3 years ago

Scarce evidence of ozone effect on recent health and productivity of alpine forests—a case study in Trentino, N. Italy

Luisa Frati, Mauro Confalonieri, Fabiana Cristofolini, Giacomo Gerosa, Elena Gottardini, Angelo Finco, Giovanni Bacaro, Antonella Cristofori, Marco Ferretti, Simona Maccherini, Giorgio Brunialti


We investigated the significance of tropospheric ozone as a factor explaining recent tree health (in terms of defoliation) and productivity (in terms of basal area increment, BAI) in 15 ICP Forests level I and one level II plots in alpine forests in Trentino (N. Italy). Mean daily ozone summer concentrations varied between 30 and 72 parts per billion (ppb) leading to large exceedance of concentration-based critical levels set to protect forest trees. Phytoxic ozone dose (POD0) estimated at the level II plot over the period 1996–2009 was 31–61 mmol m−2 projected leaf area (PLA). The role of ozone was investigated taking into account other site and environmental factors. Simple linear regression, multiple linear regression (MLR, to study mean periodical defoliation and mean periodical BAI), and linear mixed models (LMM, to study annual defoliation data) were used. Our findings suggest that—regardless of the metric adopted—tropospheric ozone is not a significant factor in explaining recent status and trends of defoliation and BAI in the alpine region examined. Both defoliation and BAI are in turn driven by biotic/abiotic damage, nutritional status, DBH (assumed as a proxy for age), and site characteristics. These results contrast with available ozone-growth dose response relationships (DRRs) and other observational studies.
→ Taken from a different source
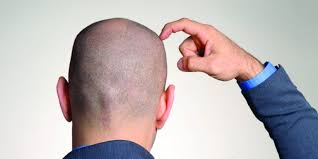 To put this into perspective, hair loss was reported more frequently than nausea or vomiting, tachycardia (a fast. Weight Loss And Hair Loss Does Losing Weight Make You Go Bald The Bald Gent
This may be due to a variety of concurrent reasons: (i) DRRs developed for individual saplings under controlled condition are not necessarily valid for population of mature trees into real forest ecosystems; (ii) some observational studies may have suffered from biased design; and (iii) since alpine forests have been exposed to high ozone levels (and other oxidative stress) over decades, possible acclimation mechanisms cannot be excluded.